Bei der Installation des Adapters erscheint ein USB-Gerät in meiner Geräteauflistung von Windows, aber keine serielle Schnittstelle mit der ich mittels Libnodave und VB.NET auf die SPS zugreifen könnte. Brauche ich einen anderen Adapter, oder kann ich auch auf das USB-Gerät irgendwie zugreifen.

dankeund gruß
beta


----------



## jabba (7 November 2009)

Falls auf dem Rechner schon Step7 ist kannst Du die S7Online Schnittstelle dafür benutzen.


----------



## beta (7 November 2009)

Hallo,
Step 7 ist leider nicht installiert.
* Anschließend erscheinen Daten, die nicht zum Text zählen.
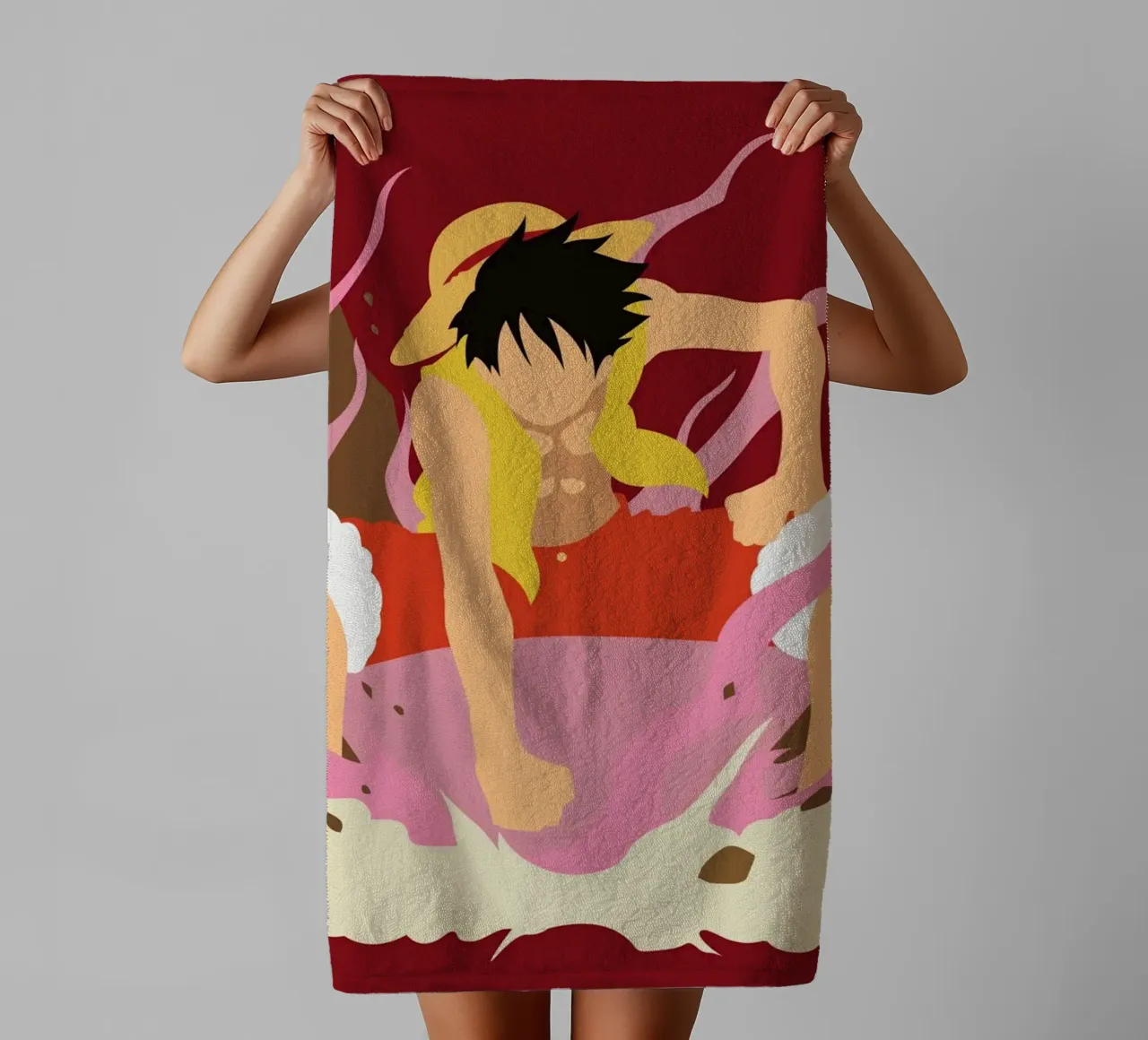 Monkey D Luffy towel by Musadad Shop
Bibt es noch eine andere Chance?

Beta


----------



## Turbman (8 November 2009)

Kannst du uns mittlerweile den Hersteller und die Bezeichnung geben.
Für manche Adaptern gibt es Viruelle ComPorts die dein Problem vieleicht lösen könnten.


----------



## beta (9 November 2009)

Ja, und zwar
Siemens Simatic 6ES7 972-0CB20-0XA0

beta


----------



## RobiHerb (11 November 2009)

*Wo ?*

Ich spiele auch gerade mit Libnodave rum. Würde gerne einmal einen neueren MPI Adapter ausprobieren. Ich sitze im Raum Darmstadt.


----------